Mogosoaia, dimanche 8 décembre, 7 heures. Dans cette banlieue huppée de Bucarest, les bureaux de vote devaient ouvrir leurs portes pour le second tour de l’élection présidentielle roumaine. Mais, à l’instar de tous ceux du pays, ils sont restés fermés : deux jours plus tôt, la Cour constitutionnelle a annulé le scrutin, plongeant la Roumanie dans une crise politique inédite. Pourtant, Calin Georgescu, candidat d’extrême droite et figure prorusse, s’est présenté sur place entouré de ses partisans. « J’appelle les Roumains à voter dans le calme. Je veux voter au nom de la démocratie. Ceux qui sont au pouvoir sèment la panique mais personne ne pourra arrêter le peuple roumain », a-t-il déclaré devant les caméras de télévision.
A 62 ans, ce candidat, qui s’est fait connaître sur le réseau social TikTok, a surpris en arrivant en tête au premier tour, le 24 novembre, avec 23 % des voix. Son ascension fulgurante repose sur une campagne agressive sur les réseaux sociaux mais aussi, selon les rapports des services de renseignement, sur une ingérence étrangère massive. Le mercredi 4 décembre, le président sortant, Klaus Iohannis, a révélé un rapport pointant des manipulations à grande échelle orchestrées par des acteurs étatiques hostiles à l’OTAN.

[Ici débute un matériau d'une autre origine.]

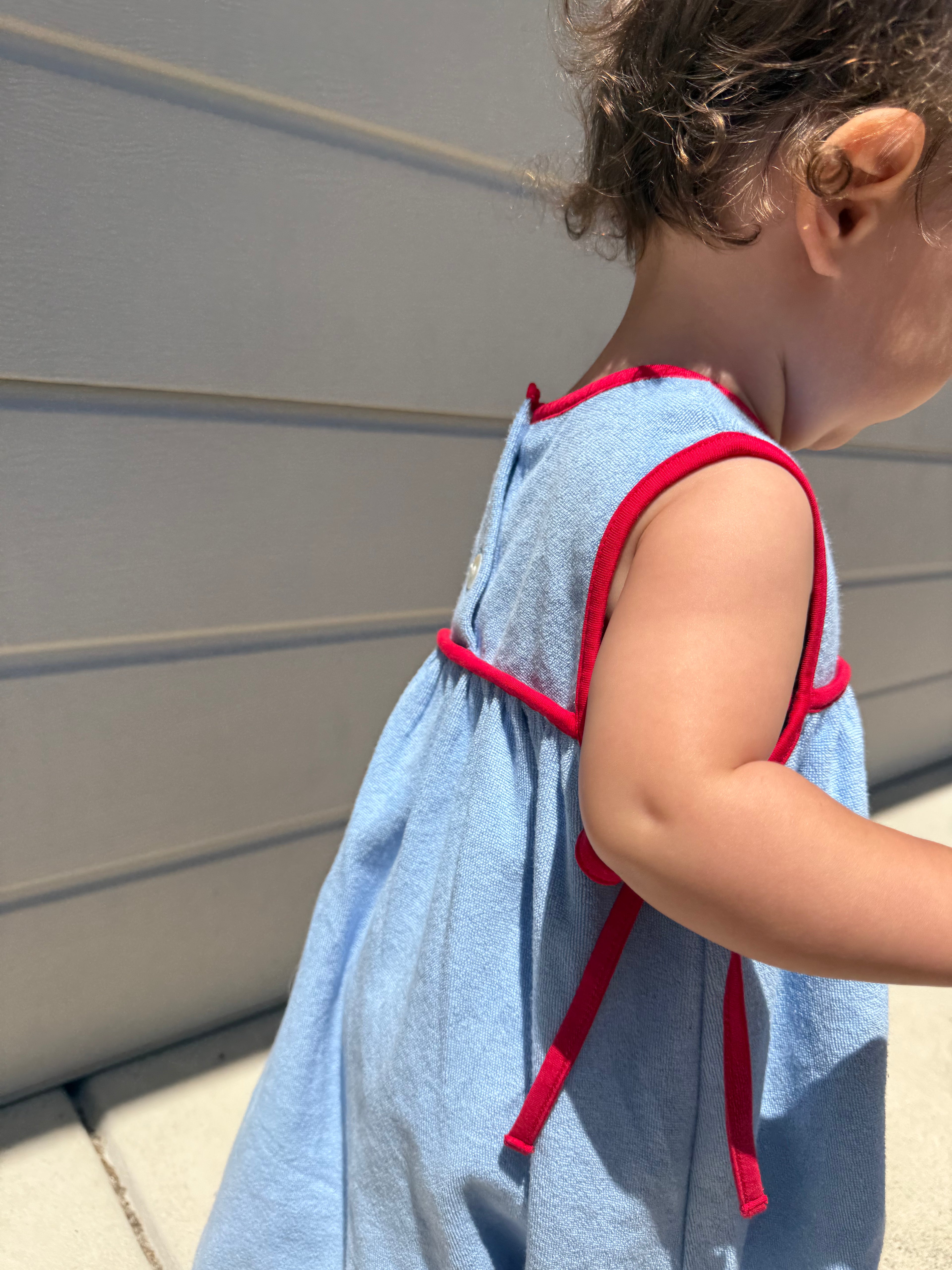 THE SEASIDE TERRY DRESS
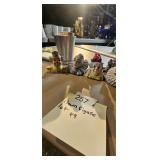 Clown Figure Lot of 9 and one cup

La Cour constitutionnelle a justifié l’annulation de l’élection en évoquant des atteintes à la transparence du financement et des violations de la liberté de vote via des campagnes de désinformation. « La liberté de vote a été compromise en raison d’une désinformation massive menée à travers une promotion agressive en violation de la loi électorale, ainsi que d’une exploitation abusive des algorithmes des réseaux sociaux », précise la note justificative de la Cour.
Escalade des tensions
Si la bataille électorale est suspendue sine die, probablement jusqu’au printemps 2025, elle fait rage dans les tribunaux. George Simion, chef du parti ultranationaliste Alliance pour l’unité des Roumains (AUR), a déposé une plainte auprès de la Haute Cour de cassation et de justice pour contester la décision de la Cour constitutionnelle. Il prévoit également de saisir la Commission de Venise (un organe consultatif du Conseil de l’Europe), l’Organisation pour la sécurité et la coopération en Europe et le Groupe d’Etats contre la corruption pour dénoncer ce qu’il qualifie de précédent dangereux.

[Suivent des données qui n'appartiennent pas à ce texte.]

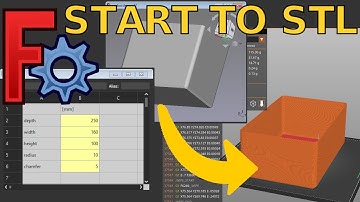 FreeCAD Tutorial: design simple part using variables and export to STL for 3D printing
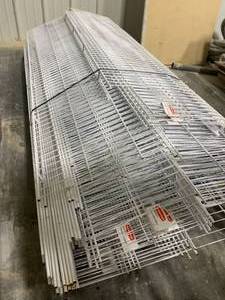 Pallet of Rubbermaid Metal Shelving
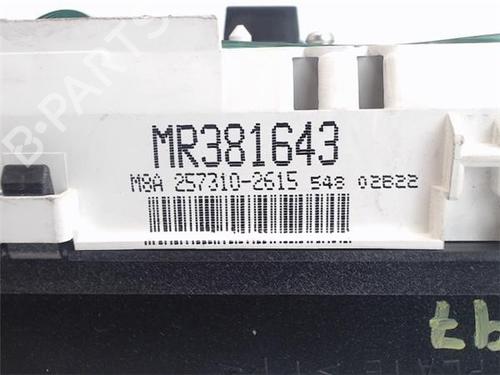 Instrument cluster MITSUBISHI PAJERO PININ I (H6_W, H7_W) 1.8 (H76W, H66W) | BP17494865C47 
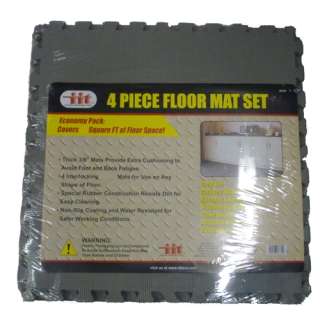 IIT 4 Pack Interlocking Cushion Floor Mats 22 x 22 Covers Nearly 14 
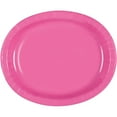 thumbnail image 2 of Oval Paper Plates, 12 in, Hot Pink, 8ct, 2 of 2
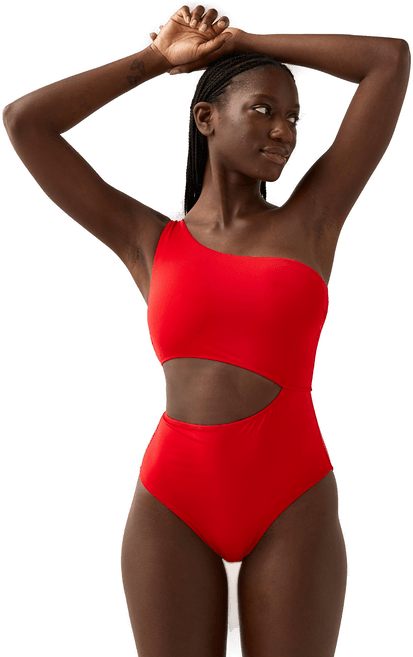 Lindex One Shoulder Badedrakt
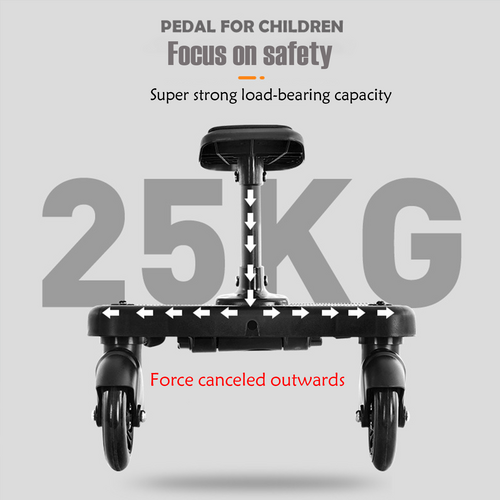 Stroller & Pram Accessories: Baby Jogger Glider Board 2 in 1 Kid Stroller Board with Dismountable Seat AU black wheel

Les partis ultranationalistes et extrémistes, qui ont recueilli plus de 32 % des voix aux législatives du 1er décembre, demandent un redémarrage immédiat du processus électoral. Mais le président Klaus Iohannis insiste sur la formation d’un nouveau gouvernement par le Parlement fraîchement élu avant de fixer une date pour l’élection présidentielle.